Après avoir lu la peste une première fois voilà une cinquantaine d'années, j'en termine ces jours- ci la relecture, à l'autre bout de ma vie. Il ne me restait pas grand-chose du récit ou des personnages, seulement quelques images, Rieux conduisant sa femme à la gare, la phrase de Grand toujours en chantier, et surtout, des sensations diffuses, qui ont émergé peu à peu au cours de la relecture : une chaleur écrasante, des rats à l'agonie, un sentiment d'oppression et de peur, une ville laide comme la peste et pourtant sublimée par la couleur de son ciel et sa respiration vivante jusque dans la mort.
Il est amusant de chercher dans la progression de l'épidémie qui va couper Oran du reste du monde, des points de ressemblance avec ce que nous vivons en 2020. Ils existent : l'isolement des malades, l'impuissance des traitements, la fatigue des soignants, la quarantaine, l'absurde administratif, la peur. Toutefois, là n'est pas l'essentiel du livre. Écrit à la troisième personne, par un narrateur anonyme qui ne se découvre qu'à la fin, cette mise à distance très forte, pourrait faire penser à une chronique minutieuse de l'avancée du fléau, au fil des saisons, d'avril à décembre. Ce n'est pas là, le propos principal de Camus qui s'interroge d'abord sur l'homme, ce qui le fait penser, choisir, agir., deux ans après la fin de la guerre, ces questions ont une résonnance forte. Oran devient donc un microcosme, un théâtre qui va donner corps au drame et mettre à l'épreuve ceux qui le vivent.

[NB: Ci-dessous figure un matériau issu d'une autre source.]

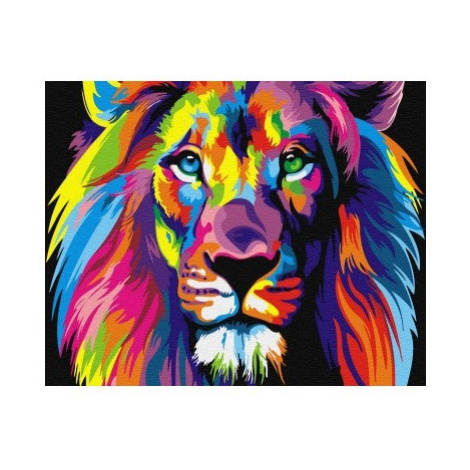 mamido  Maľovanie podľa čísel Dúhový lev 40x50 cm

Ce pari donne au récit un aspect erratique : l'amour, la séparation, la recherche du bonheur sont des concepts abstraits plus que des réalités portées par les personnages. Rambert veut partir parce qu'il souffre loin de la femme qu'il aime, il y pense, il en parle, la femme reste dans l'ombre, comme celle de Rieux. Les femmes sont quasi absentes du récit, en dehors de la mère de Rieux, figure effacée, elles paraissent étrangères aux grandes questions qui agitent les hommes. Et Rambert ne part pas, il choisit d'être ici et de faire face au fléau avec les autres, il choisit de tourner le dos au bonheur, comme Rieux, Comme Tarrou.
La question de l'engagement d'un homme, d'une femme, dans ses choix, reste une grande question de la condition humaine, c'est pourquoi le roman de Camus résonne encore aujourd'hui, malgré l'aspect un peu manichéen des situations.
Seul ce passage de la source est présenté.